Posted Tue, 17 Jul 2018 15:12:11 GMT by Matteo Baralis
Hello.

I am building a 3D model of a Borehole Heat Exchanger that crosses 3 geological units (out of which two are aquifers). The BHE should run with a time-varying heating load with annual cicles. Thus it has been modelled with imposed Power and flow rate (in terms of time series, linearly varying).

As the simulation starts, it works well until the first few days. Then the time step collapses to extremely slow values and the Inlet and Outlet temperatures suddenly decrease of several °C.

I noticed that the virtual radius of the BHE is very large (30 m more or less) while the real radius is 0.08 m. Anyway the mesh discretization is in good agreement with the ideal element size (Delta was computed with the formula suggested in White papers Vol5.).

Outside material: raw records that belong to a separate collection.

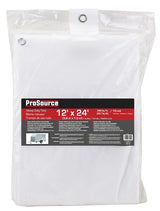 ProSource TW1224 Tarp, 24 ft L, 12 ft W, 10 mil Thick, Plastic, White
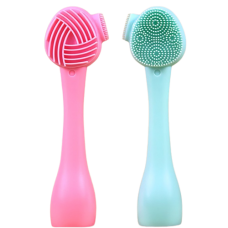 Щітка силіконова, двостороння, для очищення шкіри обличчя, стійка, різні кольори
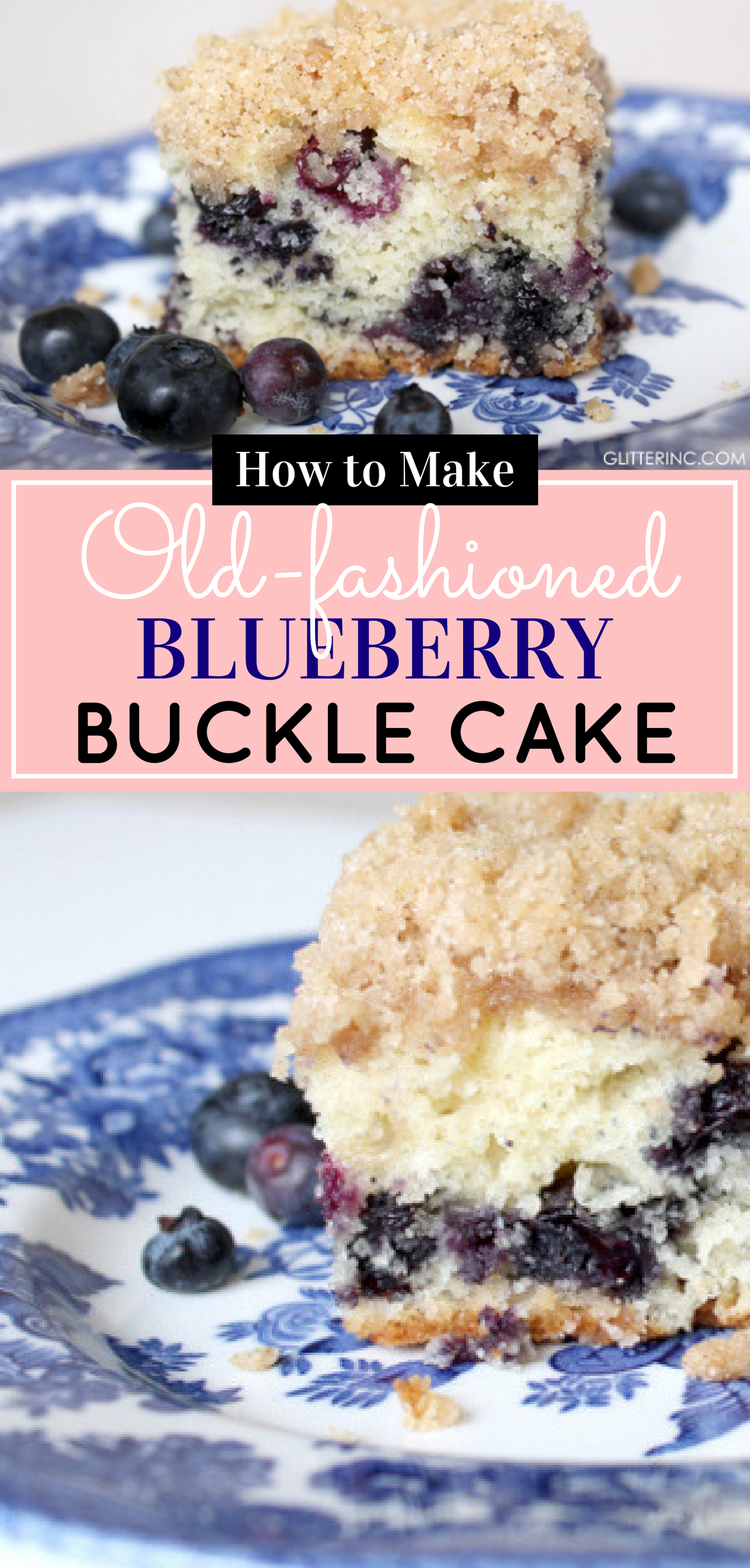 Pulled from my great grandmother's recipe book: blueberry buckle (basically a very fluffy blueberry crumb cake that you'll be making again and again.) | glitterinc.com | @glitterinc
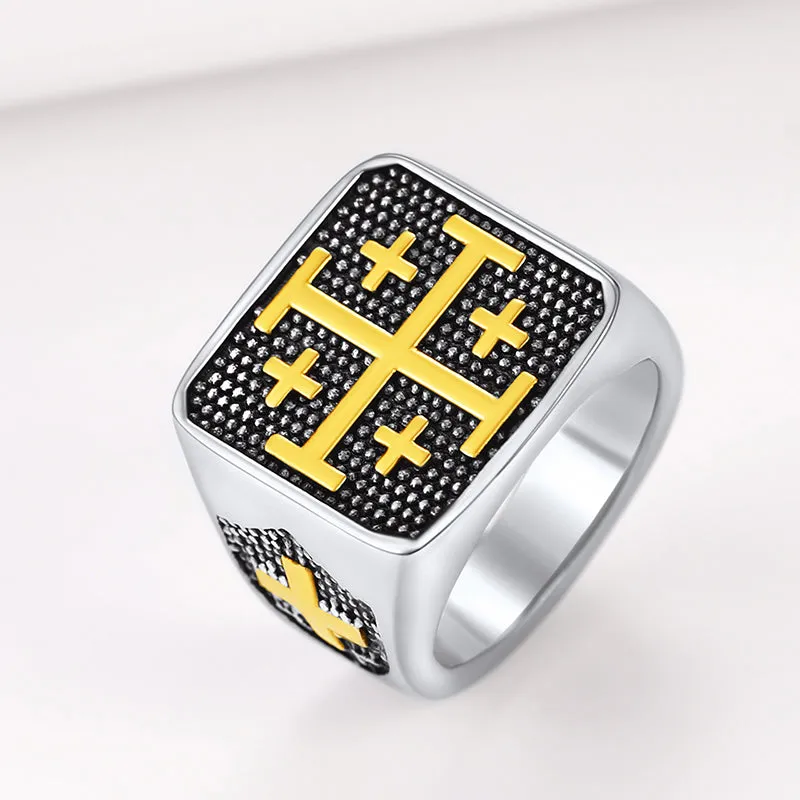 FaithHeart Jerusalem Cross Signet Ring For Men sold by FaithHeart product image thumbnail 2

I can also see that the mesh nodes around the BHE are coincident with the Ideal Element Size circle that can be drawn as an attribute of BHE. Furthermore, moving the nodes around the BHE, does not seem to result in variation of the virtual radius.


Do you think that the problem is the big difference in the radii? Any suggestion about ways to solve this issue ?

Thanks you in advance for any help!

Matteo
Posted Wed, 25 Jul 2018 10:49:12 GMT by Björn Kaiser
You observe a decrease in the time-step size to satisfy the error criteria you adopted. FEFLOW provides a powerful method which supports you to elucidate where the error criteria is spatially violated. This method allows you to identify critical areas with ill-posed model settings.

You can plot the nodal based error by means of predefined distributions of the primary variables you are solving for. If you solve for groundwater flow and for heat transport you can additionally distinguish whether the flow solution or the heat solution is responsible for small time-step sizes.

To activate the distribution, please go to the Data Panel and Add Predefined Distribution for the error norm of interest (e.g. $error_norm).

In this context, please note that you have to activate the predefined distribution in the fem-file (before you start the simulation). This is attributed to the fact that the error norm is calculated while FEFLOW simulates.

After you spatially identified the largest residuals you could have a look on the local settings at this location.